In May of 1996, a large collection of climbers attempted to scale the perilous heights of Mount Everest. Led by expedition leader, New Zealander Rob Hall (Jason Clarke), most of the party were experienced climbers, including Beck Weathers (Josh Brolin) a doctor embarking on a personal mission to climb the Seven Summits, and Doug Hansen (John Hawkes), a mailman who had made a previous run at Everest the year before. Rob’s group also consisted of a journalist, Jon Krakauer (Michael Kelly), on assignment to document the voyage. A parallel climbing party, led by Scott Fischer (Jake Gyllenhaal), forged an uneasy alliance with Rob’s to increase overall safety with greater numbers. Back at base camp is Helen Wilton (Emily Watson), running Rob’s operation from a safer distance, while Rob’s pregnant wife Jan (Keira Knightley) wisely stays home, confident in her husband’s expertise keeping him safe.
This is the setup for Everest, the dramatization of the true story of this disastrous excursion. Mount Everest, never a safe destination point under the most optimal circumstances, proves catastrophic for these thrill seekers, as a series of brutal storms conspires to rob the climbers of their personal triumph and, for many of them, their lives. Some reach the top, some make it back alive, but none would walk away from this experience feeling victorious.

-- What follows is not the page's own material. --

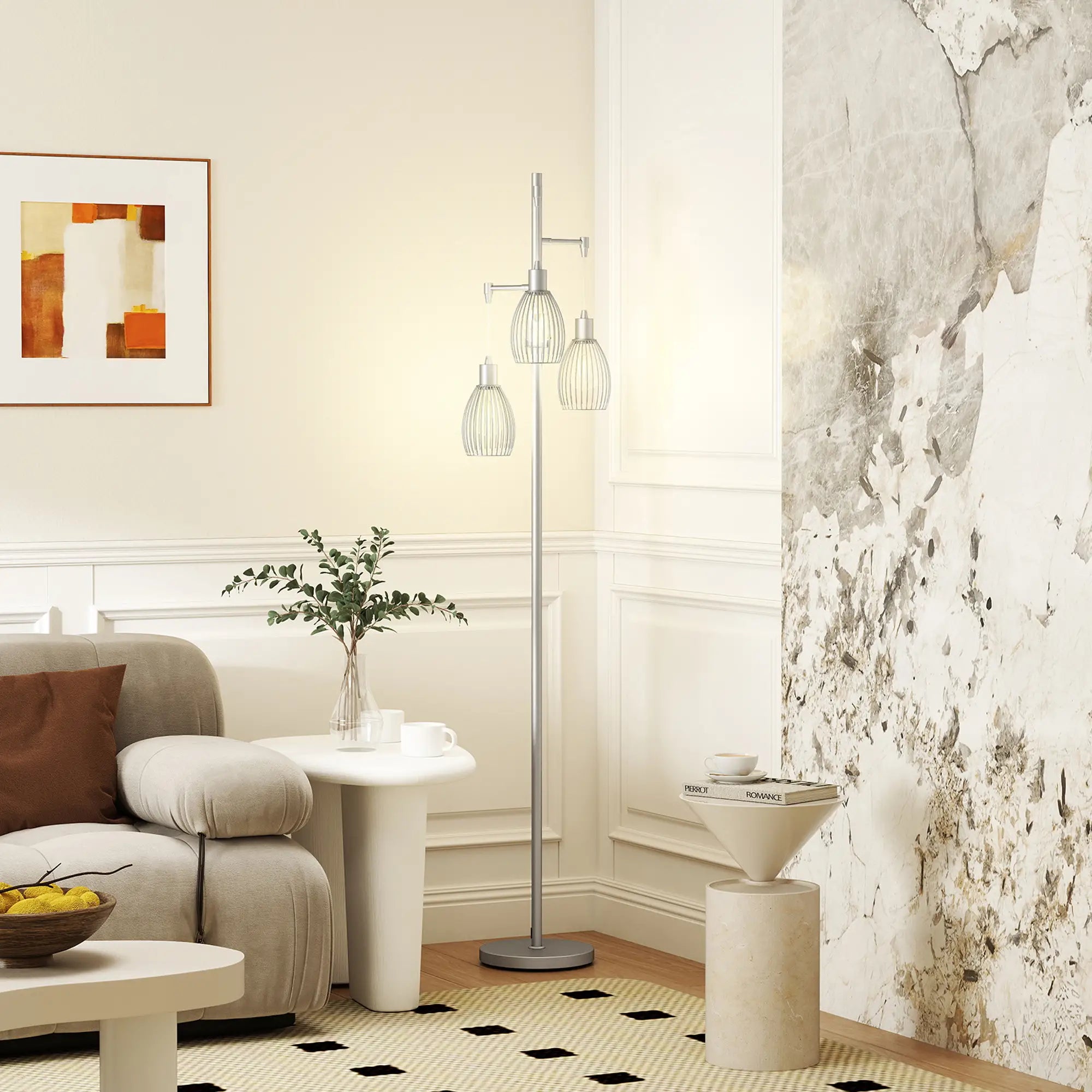 Industrial Floor Lamp, 3 Hanging Wire Lampshades, Dimmable, Silver Floor Lamps & Ceiling Fan Lights at Gallery Canada
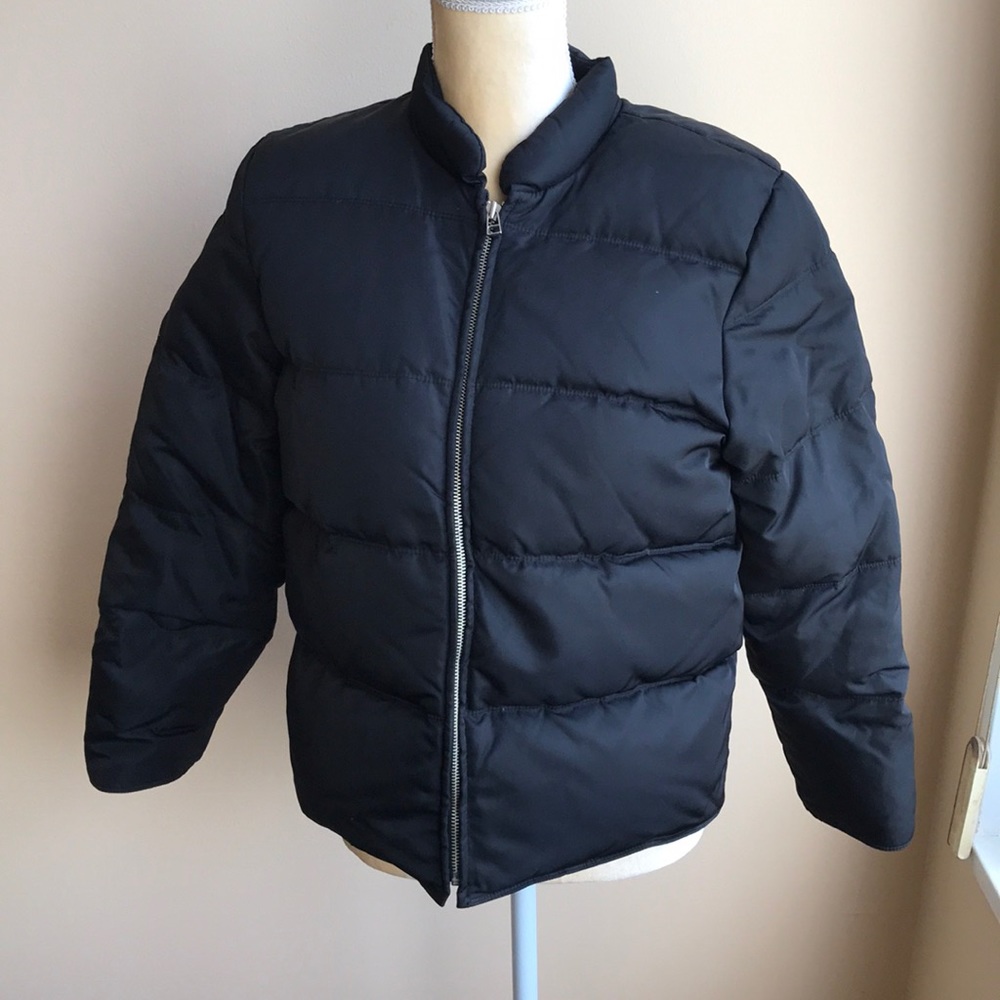 J Crew Black duck down feather winter coat PXS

The first hour of Everest proves nearly as difficult to surmount as the mountain itself. As we are introduced to each member of the climbing party, it becomes readily apparent that none of these actors are being granted roles rich with characterization. There’s a general bonhomie among the climbers that never surpasses the level of blandly genial. Similarly, the muted animosity between the rival parties never reaches anything approaching a boiling point of hostility, never resulting in something like compelling tension. This entire first half is crafted so that watching these people climb, largely without incident, is the only objective, and impressive vistas aside, that minimal level of dramatic investment, coupled with the minute character development, doesn’t give the audience much of a rooting interest in anything. The last thing anyone could call climbing Mount Everest would be boring, but that label fits neatly with the experience of watching others do it.

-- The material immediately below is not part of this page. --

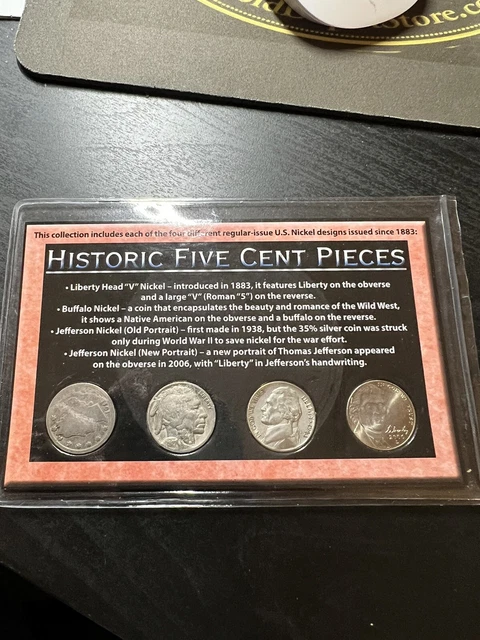 Historic Five Cent Pieces 4 Nickels First Commemorative Mint Set (Slab1741)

Of course, the relative uneventfulness of Everest’s first half is clearly calibrated to lull the audience into a sense of calm before all Hell breaks loose in the second half, as it inevitably does. When a vicious storm takes hold while the parties are approaching the summit, the climbers gets scattered. Rob is stuck at the top with a rapidly fading Doug, while Beck finds himself too weak to retreat. It’s here that Everest essentially becomes misery porn, as we watch the climbers gradually succumb to death and frostbite, helpless to do much to save themselves from the elements and out of range for outside rescue. Apart from one character’s miraculous second wind of endurance, this is not a story of heroics or tyranny of will leading doomed men to persevere against treacherous odds. This is a tragedy, plain and simple, yet the film’s weak characterization, or even ability to adequately distinguish these mostly bearded, parka-covered men from one another, makes it very difficult to become emotionally engaged in any of their fates.
It’s hard to fathom what attracted this impressive assemblage of actors to this film. None of these roles give performers as exemplary as Gyllenhaal and Brolin much to do beyond looking miserable and cold. Everest doesn’t look like it was an enjoyable film to make on a physical level, but the characters are so thinly defined that it’s impossible to surmise what the professional rewards were for the cast, either. Gyllenhaal, in particular, has become one of our most interesting actors, so to see him used to such little effect here is dismaying, to say the least.
Everest is impressively shot, if nothing else. It feels effectively harsh and unforgiving, and it’s impossible to discern just how much of the film was greenscreened given its level of you-are-there authenticity. Though apart from an overhead shot of the group crossing a suspension bridge at the outset of their journey, the film makes astonishingly minimal effort to convey the dizzying heights of its locale, even to the extent that a lowbrow actioner like Cliffhanger once did. Everest exploits one’s fear of freezing to death far more acutely than it does one’s fear of heights.
Walking out of Everest, there is little to recommend beyond basic filmmaking acumen. There isn’t much to glean here beyond the experience of watching people climb and die, both occurring with grueling sluggishness. The greatest takeaway from the film is, quite simply, how nice it feels to walk outside into a warm September evening after it’s over.